Según estimaciones, aproximadamente el 60% de las personas que sufren de dolor crónico también padecen trastornos del sueño, como el insomnio. Teniendo en cuenta que el dolor dificulta la conciliación del sueño, estos resultados podrían no sorprender a nadie.

Sin embargo, de acuerdo a los resultados de un estudio reciente, la pérdida del sueño podría aumentar la sensibilidad al dolor de las personas. De ser así, estos resultados se unen a una amplia línea de investigación que demuestran la importancia de gozar de una buena calidad de sueño a fin de proteger la salud.

La pérdida de sueño aumenta la sensibilidad al dolor

Está más que demostrado que la pérdida de sueño y los malos hábitos a la hora de dormir se asocian a consecuencias negativas para la salud. Ahora, un equipo de investigadores sugiere que la mala calidad del sueño podría aumentar significativamente la sensibilidad al dolor.

Para llegar a esta conclusión, los investigadores trabajaron con 25 personas que fueron sometidas a estímulos dolorosos mientras se examinaba su actividad cerebral a partir de una resonancia magnética. En particular, se trabajó bajo dos condiciones; a saber, luego de una buena noche de sueño y en condiciones de privación del sueño.

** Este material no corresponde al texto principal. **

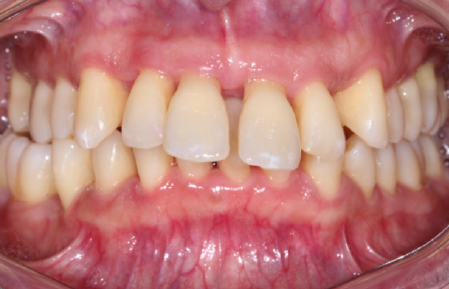 After treatment for Severe Periodontitis in Hornchurch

Específicamente, mientras se evaluaban los patrones de activación cerebral, se colocó una almohadilla en la pierna de los participantes que aumentaba progresivamente su temperatura hasta que estos informaban que estaban experimentando un dolor insoportable.

De esta manera, se observó que cuando los participantes habían gozado de una buena noche de sueño, eran capaces de soportar, en promedio, una temperatura de hasta 44 grados Celsius. Por su parte, en condición de privación de sueño, el umbral de dolor se redujo hasta 41 grados Celsius.

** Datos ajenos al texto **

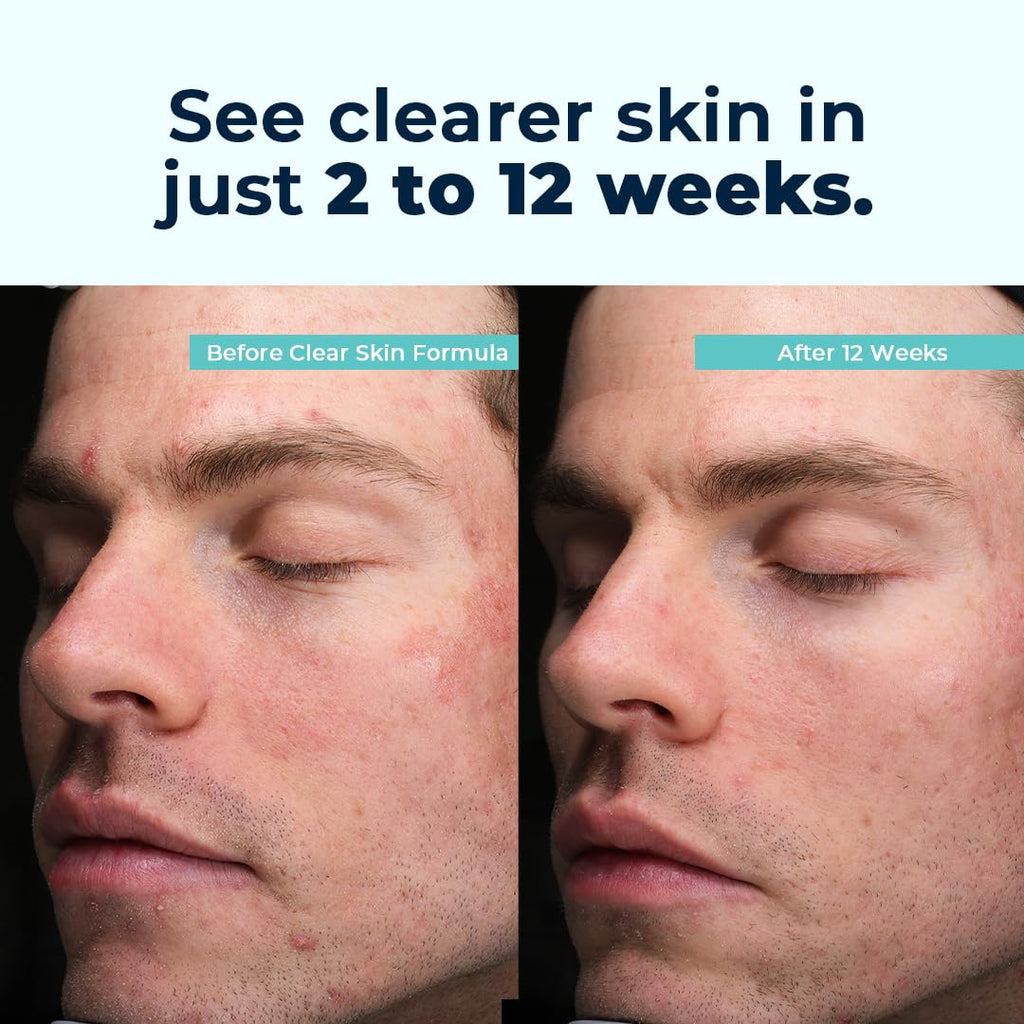 VitaMedica Clear Skin Vitamin Formula | Noncystic Acne Supplement for Clear Complexion | 60 Count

En la misma línea, tras analizar los datos resultantes de la resonancia magnética, se observó que, en condiciones de privación del sueño, la actividad de la corteza somatosensorial, encargada de procesar los estímulos dolorosos, aumentaba considerablemente.

Adicionalmente, ante estas mismas condiciones, se observó una disminución en la actividad del núcleo accumbens y en la corteza insular. Estas áreas regulan los niveles de dopamina, conformando una respuesta de analgesia al dolor.

Una sola noche es suficiente para incrementar la sensibilidad al dolor

La falta de sueño incrementa la activación de las estructuras cerebrales que procesan el dolor y bloquean las respuestas de analgesia natural del organismo.

Sobre la base de los resultados, los investigadores concluyen que la falta de sueño, además de incrementar la actividad de las estructuras cerebrales asociadas al procesamiento de los estímulos dolorosos, bloquea los centros de analgesia natural en el cerebro.

Para ir más allá, los investigadores se propusieron analizar la relación entre los cambios sutiles en el sueño y la sensibilidad al dolor. Para ello, se realizó una encuesta a más de 230 adultos. Tras esto, se observó que los cambios sutiles en los patrones de sueño influyen sobre la sensibilidad al dolor.

En pocas palabras, tan solo una mala noche de sueño podría aumentar la sensibilidad al dolor de las personas.

Finalmente, los investigadores plantean que estos resultados ponen sobre la mesa la necesidad de optimizar los hábitos de sueño a fin de controlar y reducir el dolor. Esto cobra especial importancia en las personas que sufren de dolor crónico, una condición que afecta significativamente la calidad de vida de los pacientes.